None of my children or grandchildren will know these and other
stories unless I tell them.
I never met either of my grandfathers. My grandmothers are a
distant memory, though I still vividly remember my father crying
at his mother’s funeral when I was young. When my sister and I are
gone, our grandmothers will join our grandfathers in being dust
in history. No one will remember them, their sacrifices in raising
16 children between them, or anything else in their combined lives
that covered 160 years.
Whenever I visit my children and grandchildren, I relate stories
about my parents. My father was a lifelong Cubbies fan (who never
saw them win a World Series) and had a wicked sense of humor.
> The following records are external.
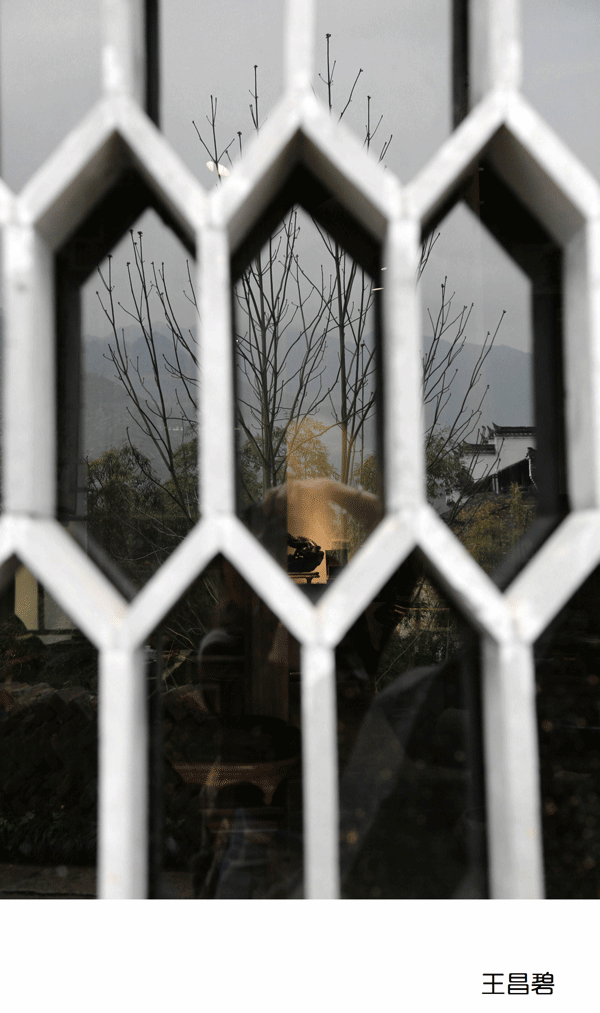 2017上期摄影班学员王昌碧作品
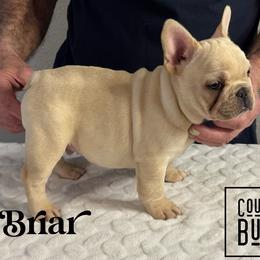 Briar(2500 AKC limited pet) - Cream male French Bulldog puppy in Pleasant Hope, Missouri from Ooh La La Doxies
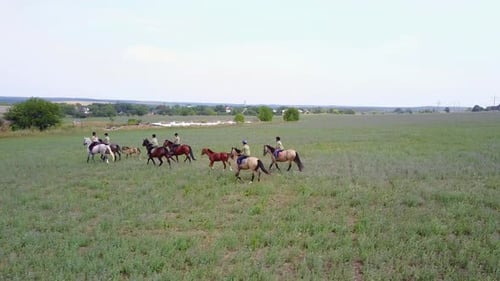 Die Leute reiten zu Pferd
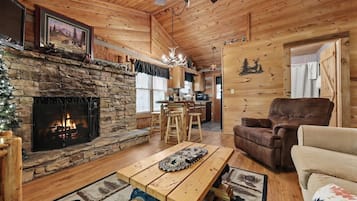 Smart TV, fireplace, DVD player, video library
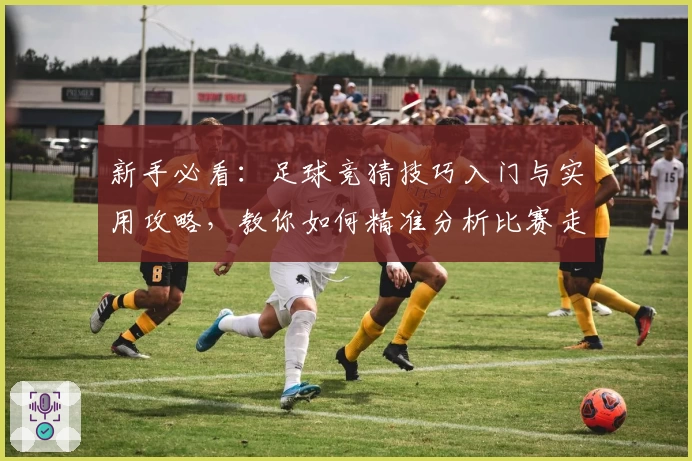 新手必看：足球竞猜技巧入门与实用攻略，教你如何精准分析比赛走势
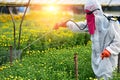 Farmer sprayed fertilizer on the flower farms Royalty Free Stock Photo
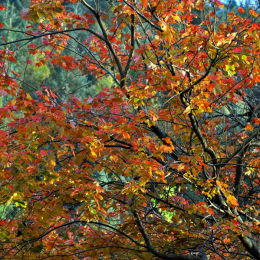 Autumn - Bill Baillie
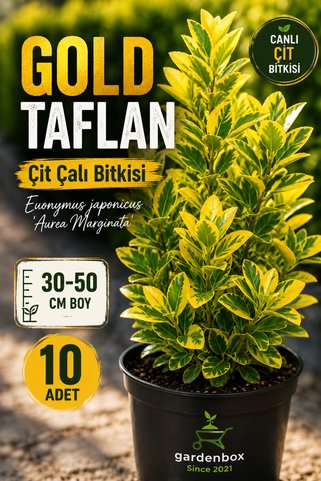 Gardenbox GOLD TAFLAN 10 ADET - BÜYÜK BOY 40 - 50 cm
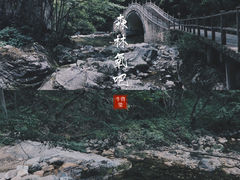 -牛背梁国家森林公园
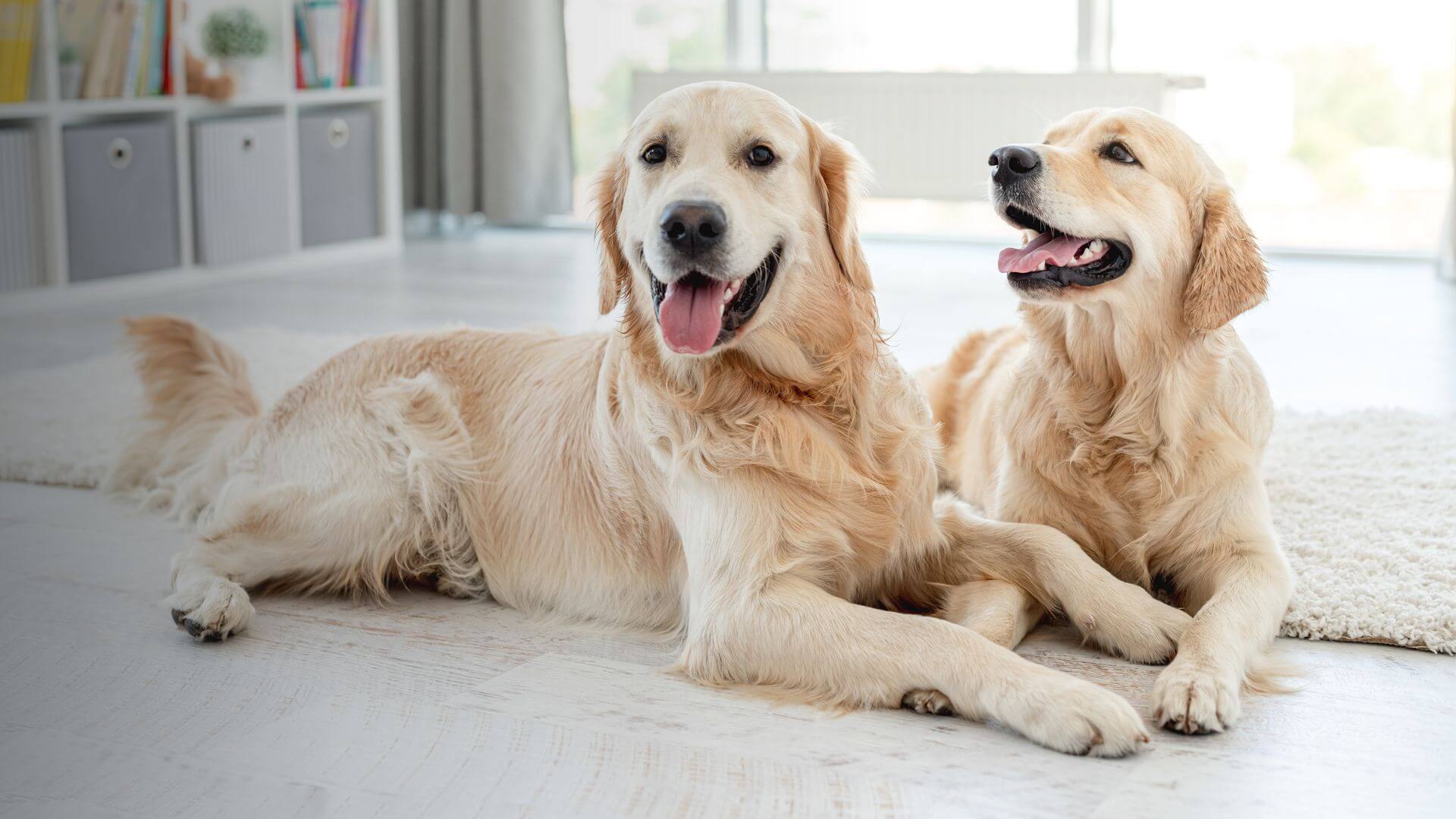 Mid North Animal Hospital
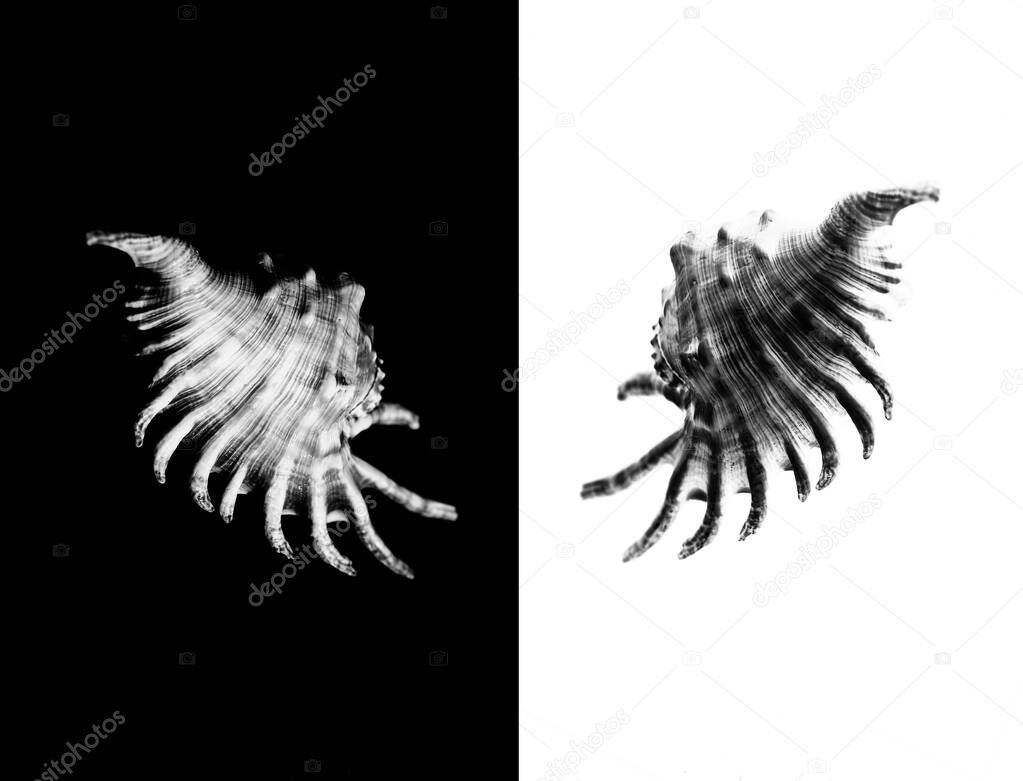 black and white one mambeda lambis shell on a white background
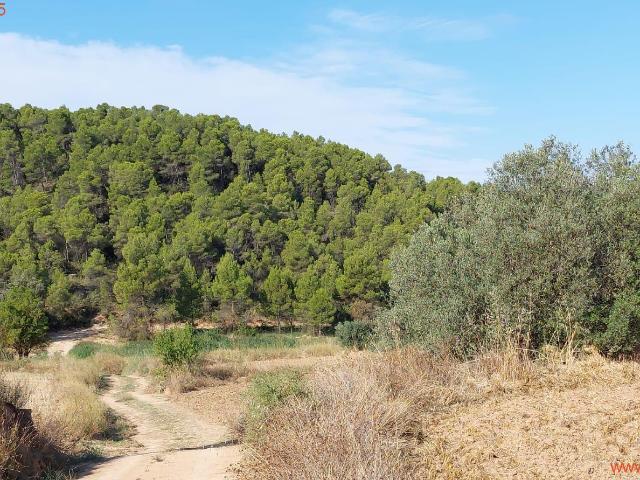 Finca en venta en Matarraña / Matarranya, Torre Del Compte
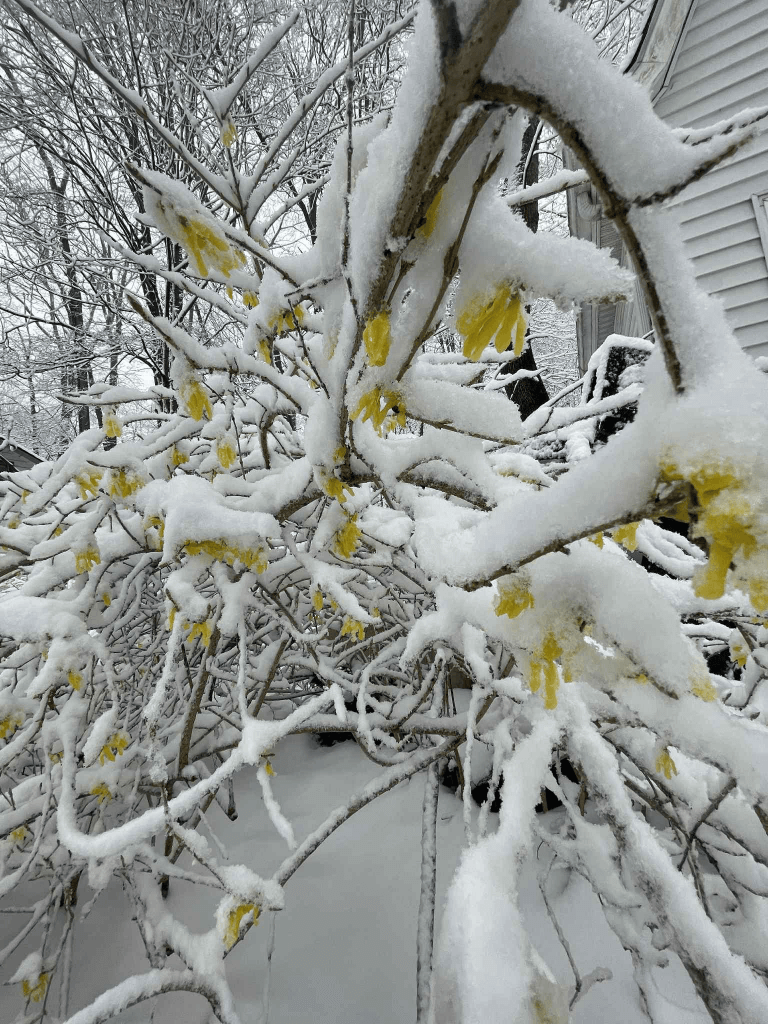 snow covered forsithia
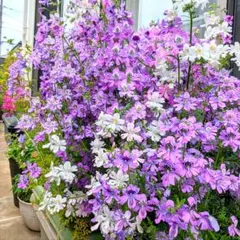 えりちゃん様 リクエスト 2点 まとめ商品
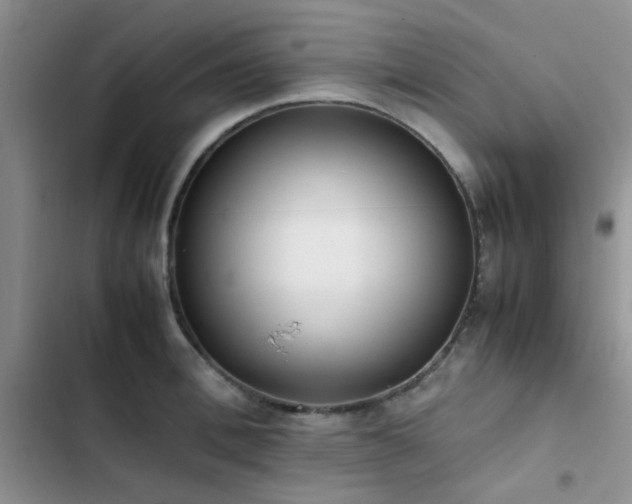 X0000102860996200808181437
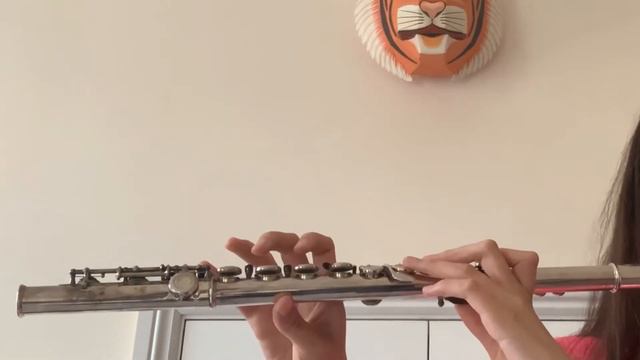 Playing 无羁 Wu Ji The Untamed on my flute cover смотреть онлайн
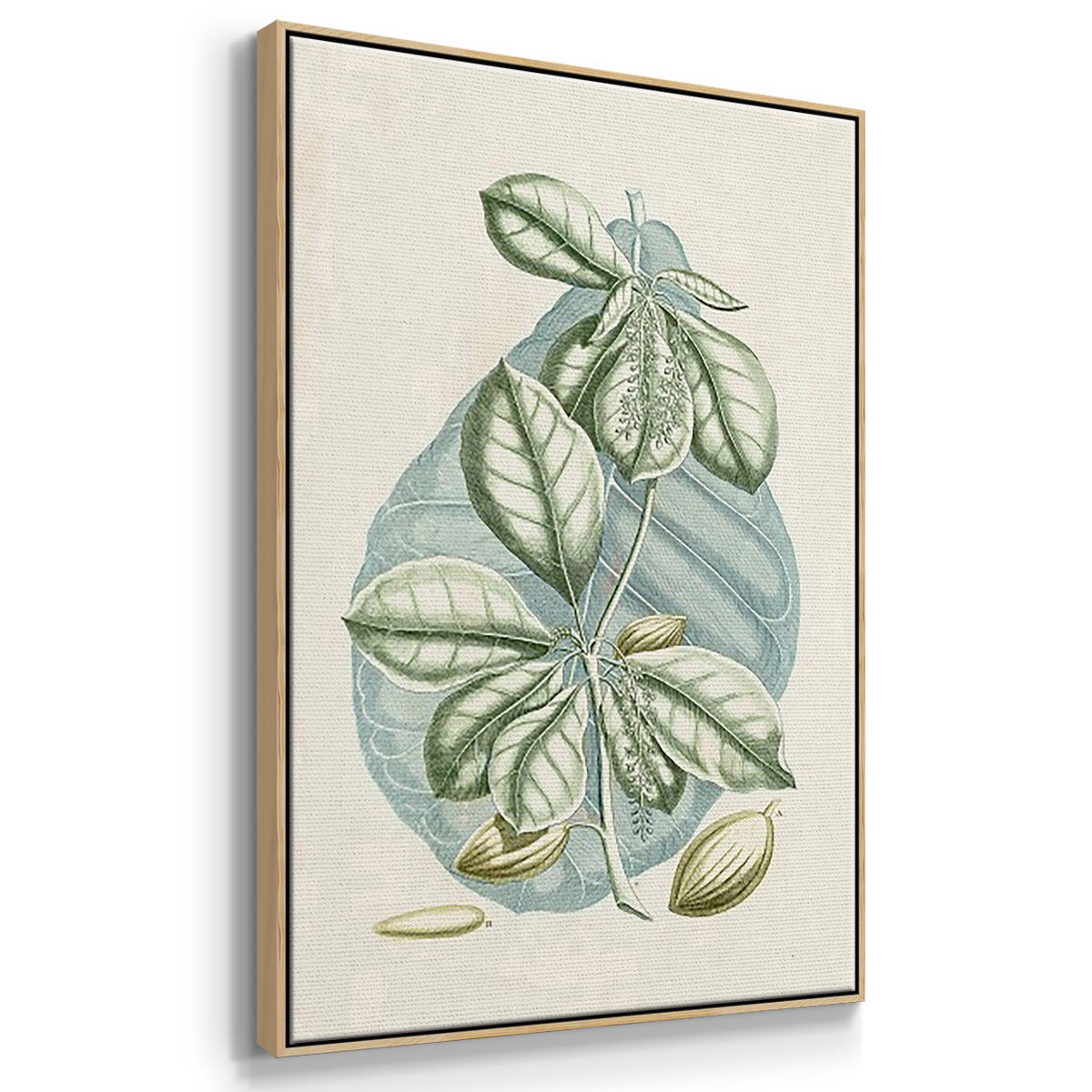 Buchoz Tropicals IX - Framed Premium Gallery Wrapped Canvas L Frame 3 Piece Set - Ready to Hang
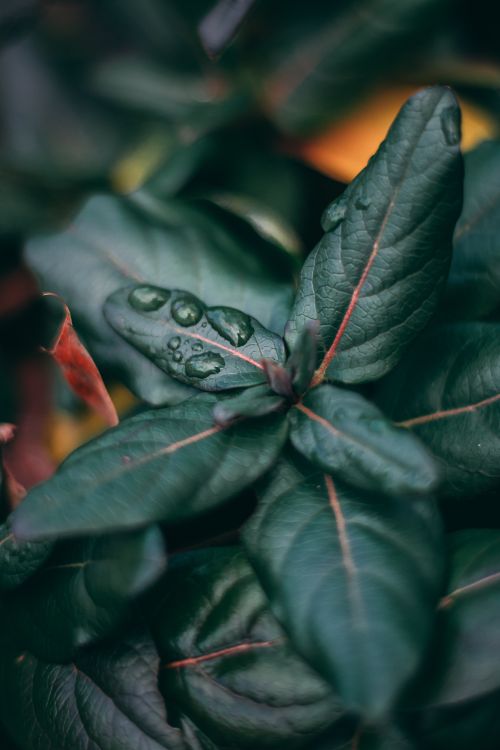 Free Close-up of a dark green leaf with water droplets, showcasing a natural texture and freshness. Stock Photo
He worked tirelessly to provide for us and still found time to take
me bowling and attend some Little League games (where I was an
abject failure). Dad fought in New Guinea but told no stories of
his time there.
My mother was a lifelong learner with enormous compassion
for underprivileged people. No one could bake as well as she did,
and she would make any sacrifice for her children. Mom made it
abundantly clear that I was going to college. Period! She would
proudly tell anyone who would listen about her son who became
an “actuarian,” a term I could never correct. My grandchildren will
remember many facets of their lives, despite having never met them.
Twelve years after Holt’s presentation, legacy is beginning to tug
at my shirtsleeves. How do I want to be remembered by my children
and grandchildren? As an actuary? Doubtful. As a good father—
though the time for influencing that has long expired? Hopefully.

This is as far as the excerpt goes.